Sometimes I wish the editors of bibles would give John that kind of emphasis because he is known to use the word “is” in powerful ways that, because of the relative insignificance of the linking verb, get overlooked.

God IS love. (1 John 4:8)
God IS light. (1 John 1:5)
…the Word WAS God. (John 1:1)
Your word IS truth. (John 17:17)

And don’t forget this Sunday’s gospel lesson (John 17:1-11). In recording Jesus’ final prayer with his disciples, John writes, “And this is eternal life, that they may know you, the only true God, and Jesus Christ whom you have sent.” This IS eternal life… If there’s ever been a moment to listen up and pay attention, it’s now. Want to know what the most important thing in the whole universe is? Here you go. If we take that “is” seriously, this passage becomes transformative.

What is eternal life? To know God and Jesus Christ. Jesus doesn’t say, “If you want to have eternal life, you must know God and Jesus Christ.” He doesn’t say, “Those who have eternal life are those who know God and Jesus Christ.” Nor does he say, “The way to eternal life is knowing God and Jesus Christ.” He comes straight out and says, “Eternal life IS to know God and Jesus Christ.”

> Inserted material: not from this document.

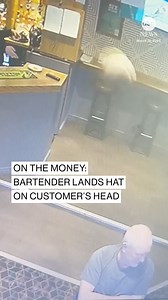 A bartender in the U.K. was captured on security camera video successfully tossing a hat directly onto the head of a happy customer. The owner of the pub, called The Dingle, said on TikTok their bar is "always providing exceptional service." https://abcnews.visitlink.me/Ht0DyH | ABC News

Put a great big equal sign between the first part and second part of the sentence:

Eternal Life = Knowing God + Knowing Jesus Christ

What, then, is eternal life? It’s not going to heaven (thought maybe that’s part of it). It’s not being forgiven (though of course that is included). It’s not being delivered from the hands of our enemies (though that is implied). Eternal life is knowing God and Jesus Christ. That isn’t a life that stretches on forever. It’s a life that runs a deep as forever.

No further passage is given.